If you support enforcement of existing laws on immigration, you are–gasp!–a racist!

Fellow Berean Mark Caleb Smith continues to write eloquently about the need for improving civil discourse, as in our current featured post, yet I fear he will continue to be a voice in the wilderness.  While he and I have some disagreements in this area, certainly he is right that a major problem in our current politics is the inability to treat one another with respect–we can’t disagree agreeably.

Naturally, those of us more on the conservative side tend to see this more on the progessive side, and undoubtedly progressives see the reverse.  But I do believe its worse on the progressive side, because as Thomas Sowell writes in his book Conflict of Visions, progressives (those falling into the category of what he calls the “unconstrained vision”) highly value intentions; intentions matter more than results. Thus they are often unwilling to grant their opponents good intentions, as this is a high compliment.  Conservatives (those of the “constrained vision”) do not value intentions nearly as much, but rather focus on results.  So they are much more willing to be charitable and grant their opponents good intentions, focusing their criticisms toward their opponents as misguided and naive.
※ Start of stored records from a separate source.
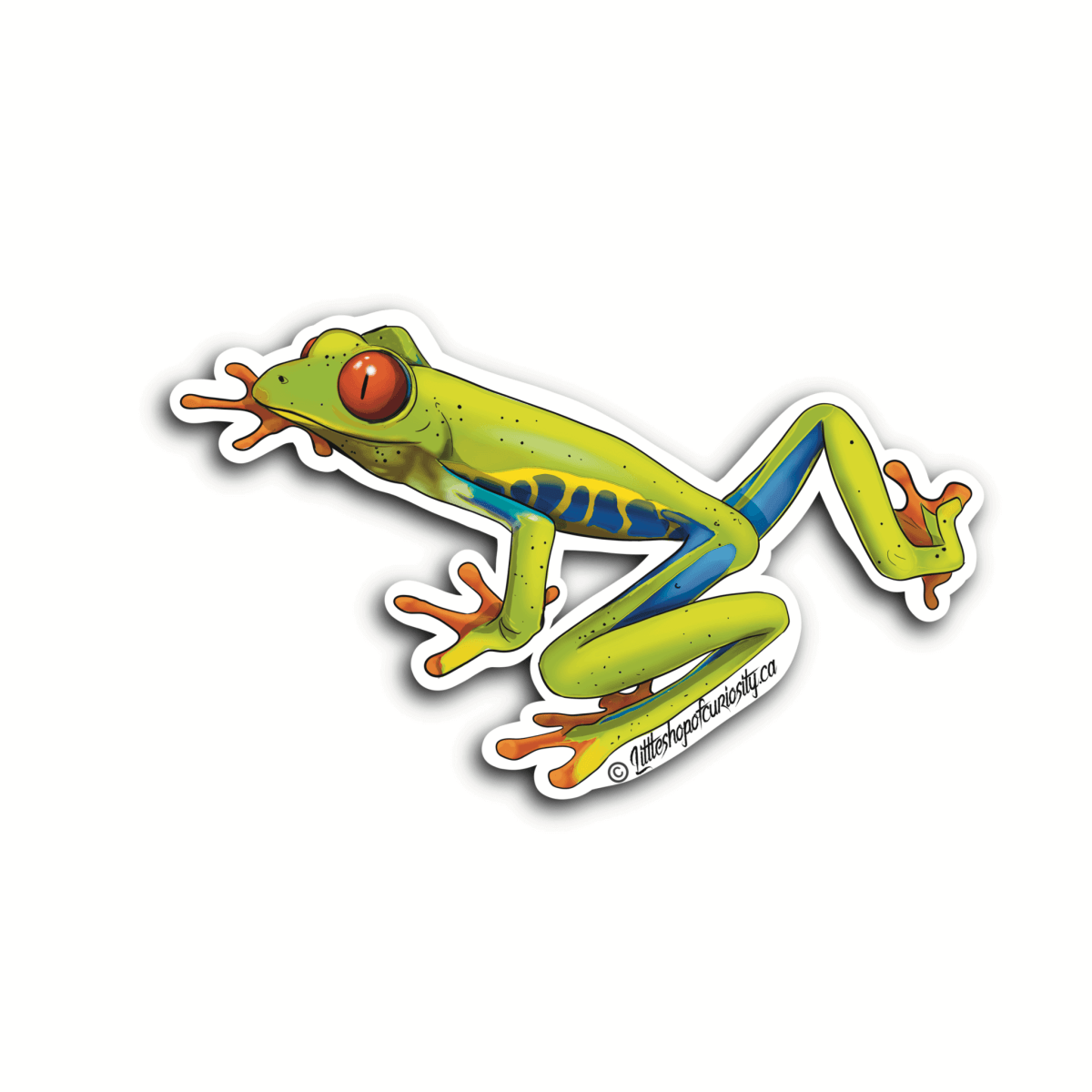 Red-eyed Tree Frog Sticker - Colour Sticker - Little Shop of Curiosity
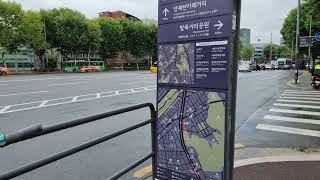 서울 서초구 양재역 말죽거리공원 대나무숲 Yangjae station bamboo woods Seoul  Korea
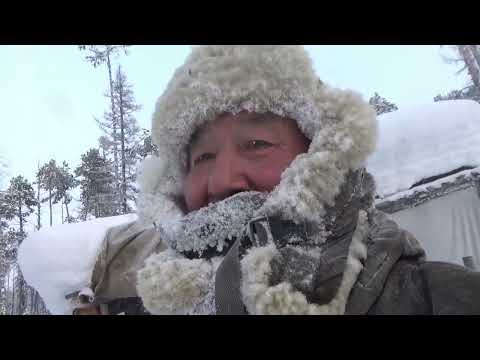 Проверка капканов. Охота на соболя 2025 год. Якутия.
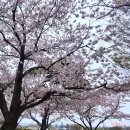 낙동강변로6-11 | 부산 삼락생태공원 벚꽃 명소, 낙동강정원 벚꽃 축제 낙동제방 벚꽃길 꽃구경 벚꽃 개화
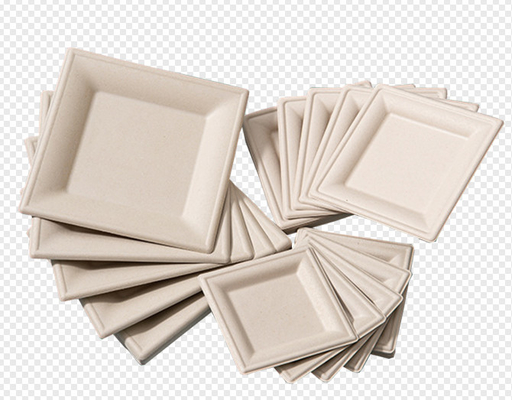 Máy đúc bột mía hoàn toàn tự động với công suất lớn 6000pcs/h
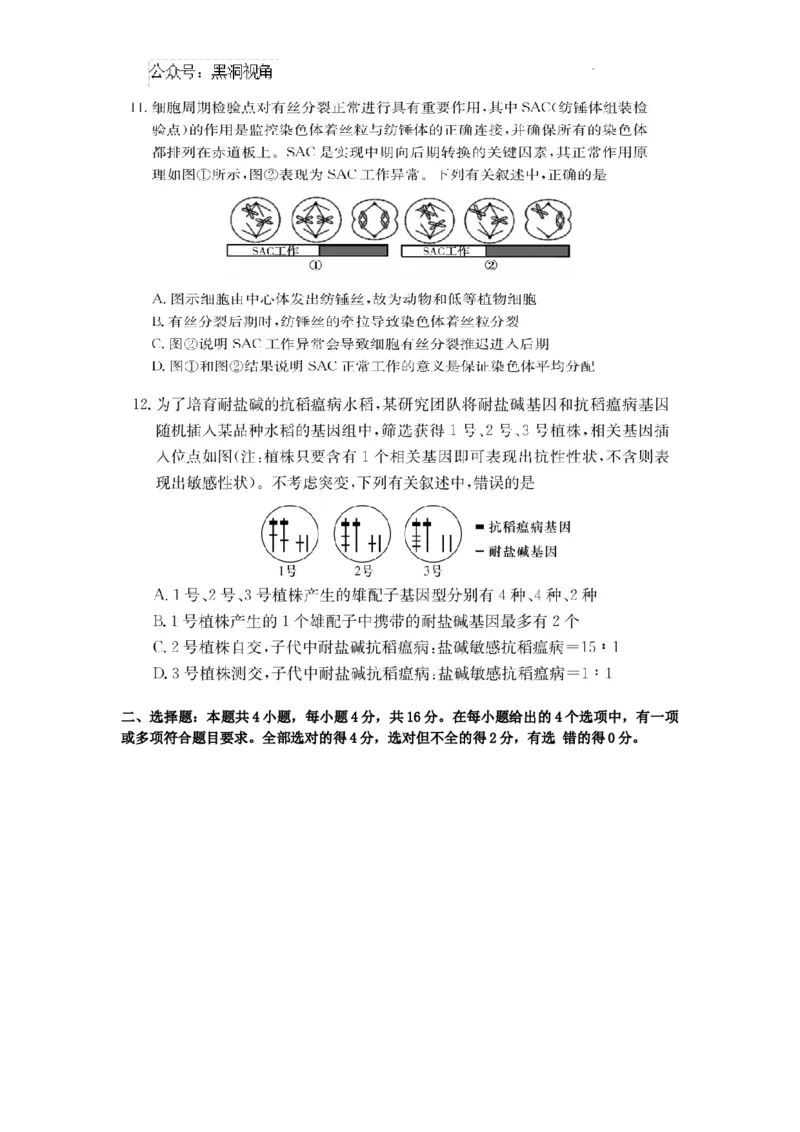 湖南省长沙市四大名校2024-2025学年高三下学期2月月考生物试题_2024-2025高三（6-6月题库）_2025年02月试卷_0216佩佩教育湖南省长沙市四大名校2024-2025学年高三下学期2月月考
We can see some of this in the debate over immigration (which flows even into disagreements among Bereans and our readers).  To briefly summarize my own perspectives, I tend to be in favor of relatively open borders, and thus would like a pathway to legality for those that want to come to American and work hard and pursue their dreams.  However, I am firmly opposed to any pathway to citizenship that rewards those that have broken our laws.  Being hospitable to the alien does not necessitate giving them citizenship. Milton Friedman once said you can’t have open borders and a welfare state, and I think he is generally right.

Democrats are now firmly (but not unanimously explicit) in favor of no immigration laws, with many cynically believing this is a way to a permanent progressive majority. As Democratic presidential candidate Lincoln Chaffee says,

“We’re right on immigration,” said the former Rhode Island governor and senator, during the Democratic National Committee’s summer meeting in Minneapolis.  “The fastest growing voting bloc in the country,” Chaffee added. “Of course we want that people to be treated with respect and to vote Democratic.”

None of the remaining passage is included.